(INPUT RECORDS Opens)

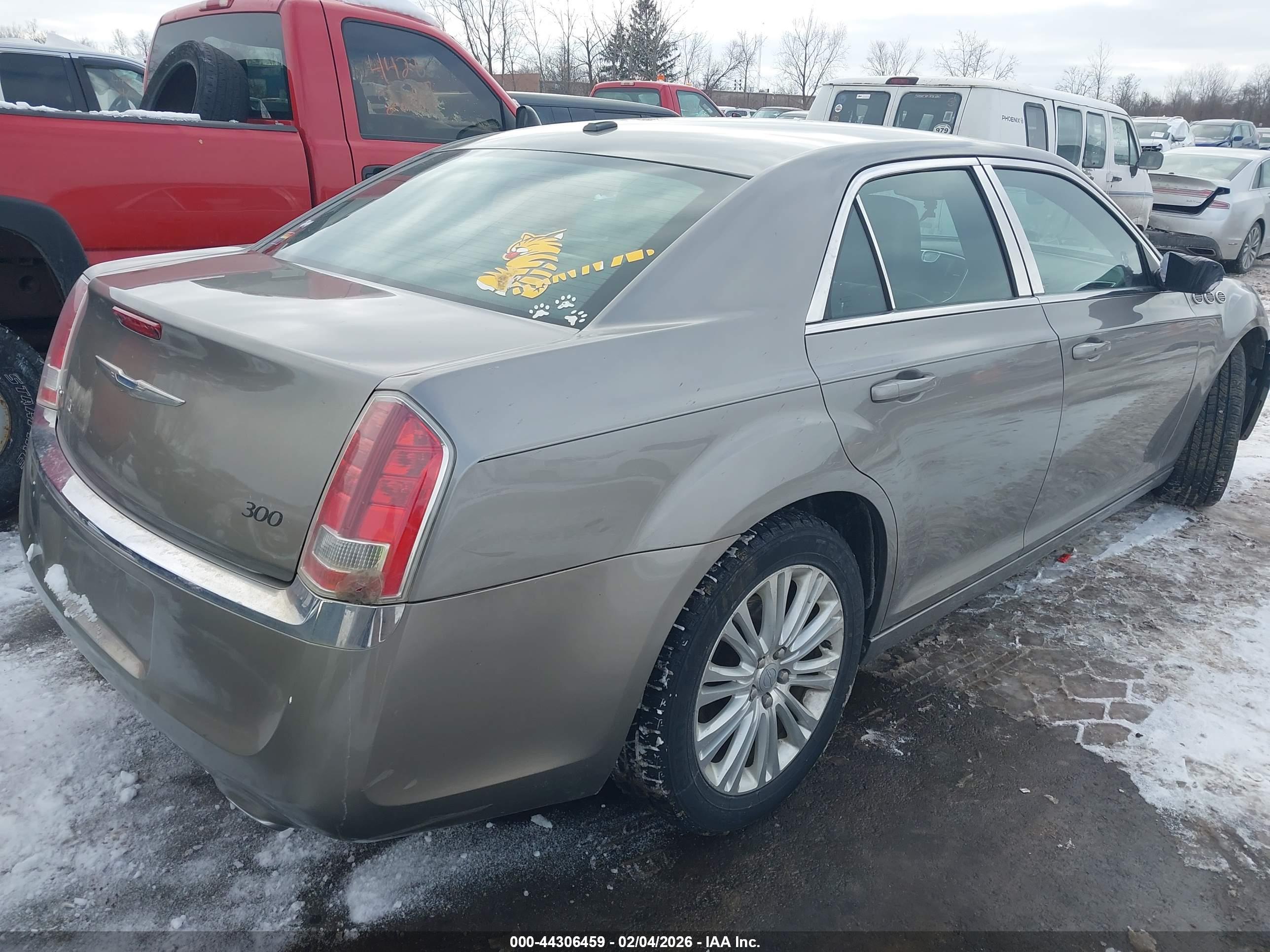 CHRYSLER 300 image 4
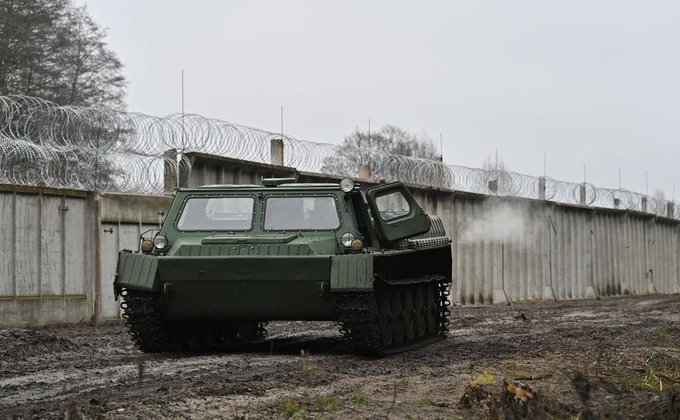 Можливий наступ з Білорусі. Офіс президента показав нові укріплення на кордоні: фото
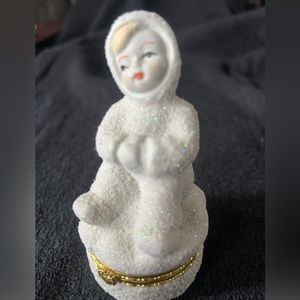 A beautiful Snow angel box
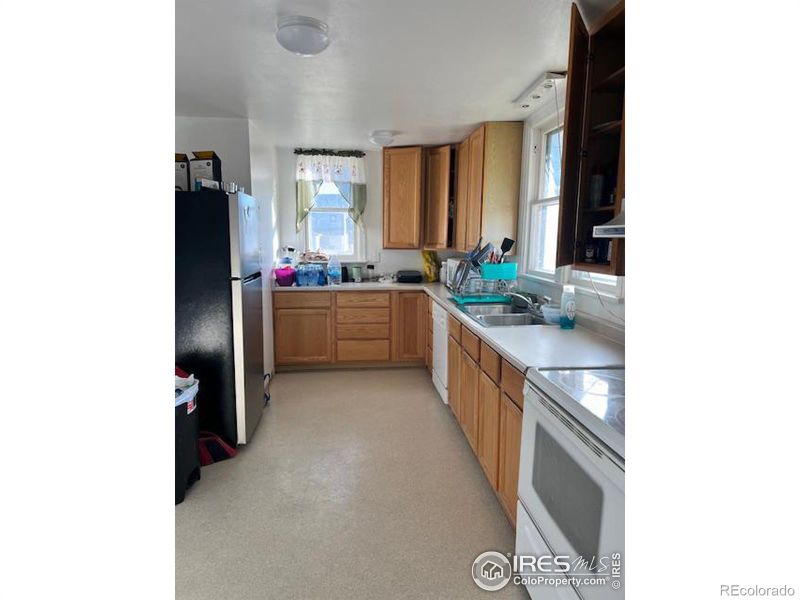 218 E Raymond St, Haxtun, CO 80731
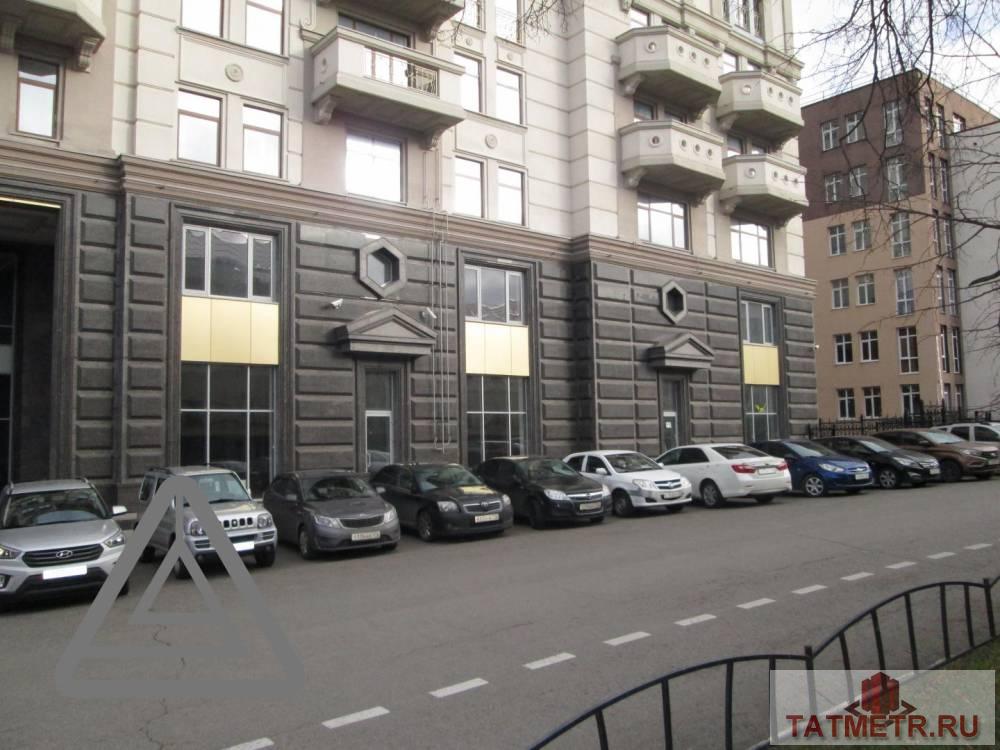 Коммерческая / Продажа / Офисы, Казань, Бехтерева улица, 35 928 000 Продается помещение свободного назначения, расположенное на 1-м этаже здания элитного ЖК «Падишах» по адресу ул.... - 1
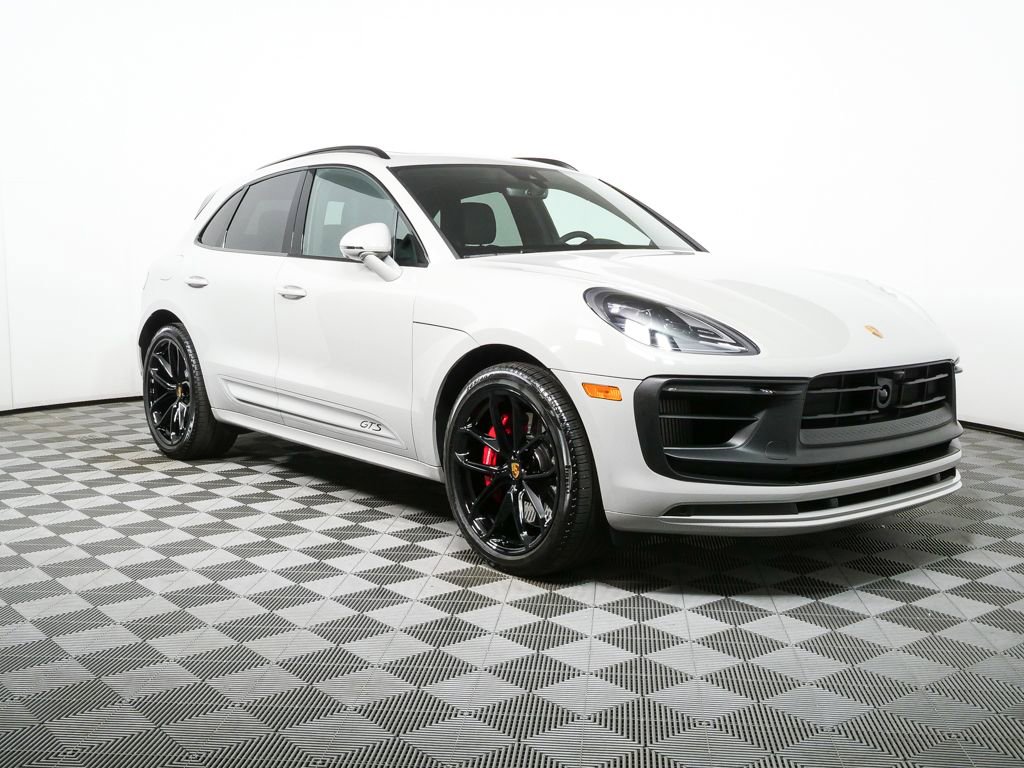 Certified 2025 Porsche Macan GTS image 27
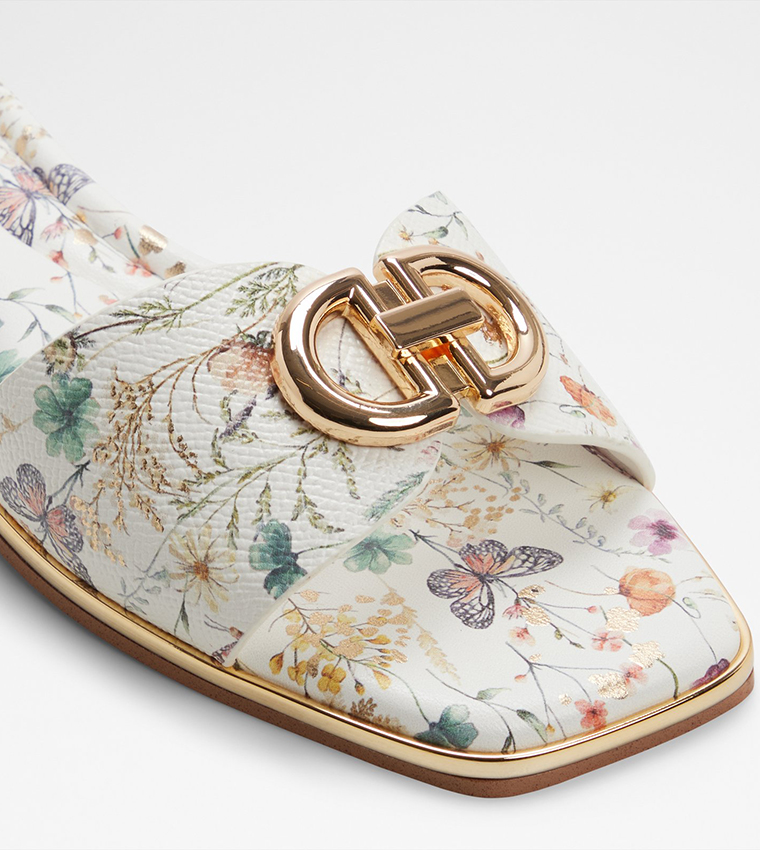 BELLENOR Metal Accent Flat Sandals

(INPUT RECORDS Closes)

◆ WHAT IS BEING ASKED ◆
Skipping any pictures, copy the line that holds "Certified 2025 Porsche Macan GTS image 27" and each line after it through the last line of the records, unchanged, and no other lines.

◆ SOLUTION TO THIS PROBLEM ◆
 Certified 2025 Porsche Macan GTS image 27
 BELLENOR Metal Accent Flat Sandals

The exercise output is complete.